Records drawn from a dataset
BEGIN

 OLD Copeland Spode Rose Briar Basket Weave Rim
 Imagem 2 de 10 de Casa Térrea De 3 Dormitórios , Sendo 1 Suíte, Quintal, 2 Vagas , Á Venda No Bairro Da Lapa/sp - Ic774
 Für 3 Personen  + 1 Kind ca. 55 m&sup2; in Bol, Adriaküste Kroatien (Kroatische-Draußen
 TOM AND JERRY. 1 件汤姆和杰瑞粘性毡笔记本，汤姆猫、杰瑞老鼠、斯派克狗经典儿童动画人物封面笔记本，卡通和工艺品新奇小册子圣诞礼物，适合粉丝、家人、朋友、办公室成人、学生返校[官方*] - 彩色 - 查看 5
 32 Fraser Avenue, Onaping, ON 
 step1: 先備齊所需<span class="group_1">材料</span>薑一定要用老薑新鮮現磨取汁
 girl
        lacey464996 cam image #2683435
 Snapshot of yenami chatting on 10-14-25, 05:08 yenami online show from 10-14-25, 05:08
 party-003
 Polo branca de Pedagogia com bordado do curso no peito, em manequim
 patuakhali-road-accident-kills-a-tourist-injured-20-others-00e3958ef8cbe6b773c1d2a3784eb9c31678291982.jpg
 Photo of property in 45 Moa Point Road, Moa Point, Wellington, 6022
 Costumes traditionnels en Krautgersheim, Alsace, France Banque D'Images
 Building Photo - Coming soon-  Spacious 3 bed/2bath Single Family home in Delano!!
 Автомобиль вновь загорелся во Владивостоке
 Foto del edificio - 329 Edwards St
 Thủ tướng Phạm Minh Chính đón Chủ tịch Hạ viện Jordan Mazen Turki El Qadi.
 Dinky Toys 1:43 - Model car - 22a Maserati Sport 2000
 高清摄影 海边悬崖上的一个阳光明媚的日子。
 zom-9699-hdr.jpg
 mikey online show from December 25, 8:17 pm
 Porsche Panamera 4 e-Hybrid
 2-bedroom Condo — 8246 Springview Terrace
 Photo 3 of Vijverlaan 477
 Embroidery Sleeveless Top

END

For each line in the data that holds the word "show", copy the line.

 Snapshot of yenami chatting on 10-14-25, 05:08 yenami online show from 10-14-25, 05:08
 mikey online show from December 25, 8:17 pm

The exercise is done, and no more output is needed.